Task goal
Each line of the material must be reproduced exactly; pictures stay out.

═════ Data block ═════

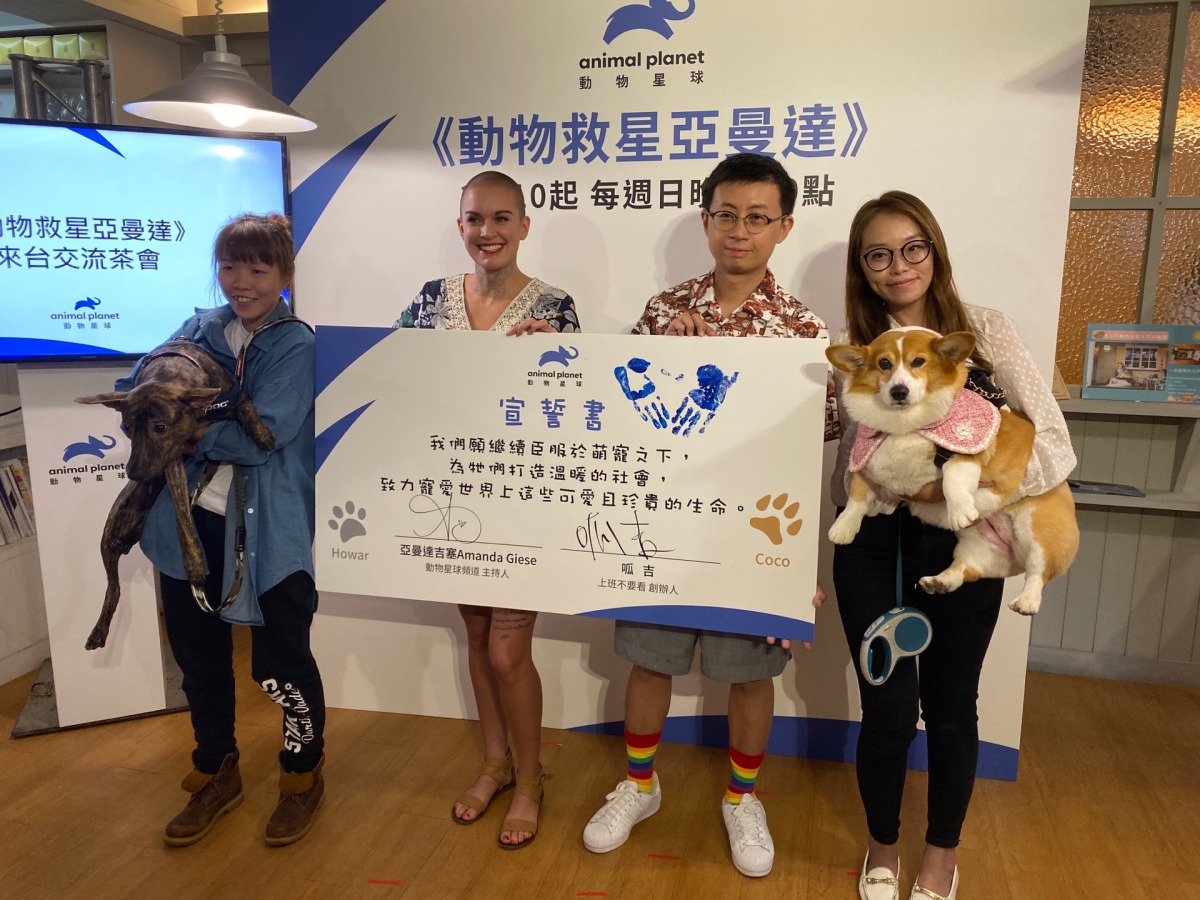 亞曼達與呱吉簽下宣誓書，表達未來會為了流浪動物保護繼續努力，並希望這世界達到沒有待救的動物。 姚崇仁/攝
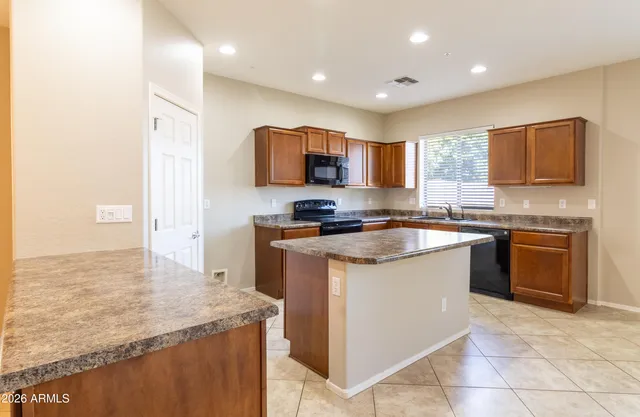 $2,150 | 3540 East Pinot Noir Avenue, Gilbert, AZ 85298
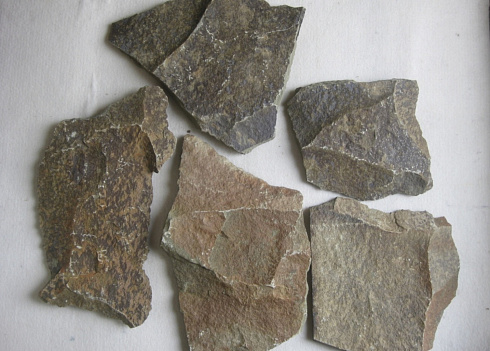 Kamenclub.ru: Песчаник пластушка "фонтанка" серо-зеленая (3,0-5,0 см)  купить в Армавире песчаник серо-зеленая колотые плитки облицовочные пластушки 11400 руб/м3   фото КАМЕНЬ КЛУБ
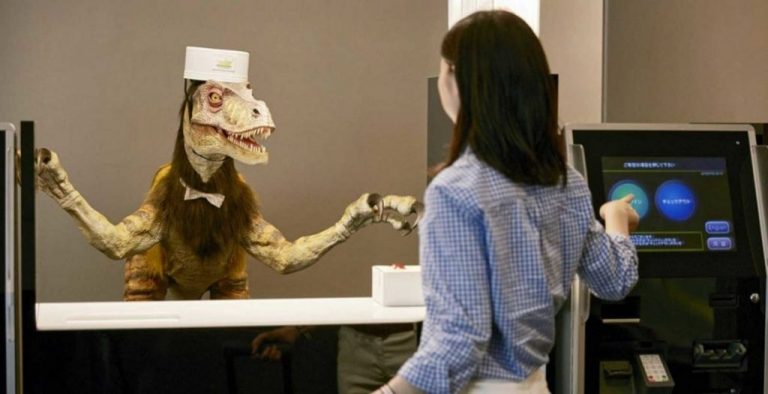 Despiden a 250 robots en un hotel japonés por quejas de los clientes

═════

Exercise result
 亞曼達與呱吉簽下宣誓書，表達未來會為了流浪動物保護繼續努力，並希望這世界達到沒有待救的動物。 姚崇仁/攝
 $2,150 | 3540 East Pinot Noir Avenue, Gilbert, AZ 85298
 Kamenclub.ru: Песчаник пластушка "фонтанка" серо-зеленая (3,0-5,0 см)  купить в Армавире песчаник серо-зеленая колотые плитки облицовочные пластушки 11400 руб/м3   фото КАМЕНЬ КЛУБ
 Despiden a 250 robots en un hotel japonés por quejas de los clientes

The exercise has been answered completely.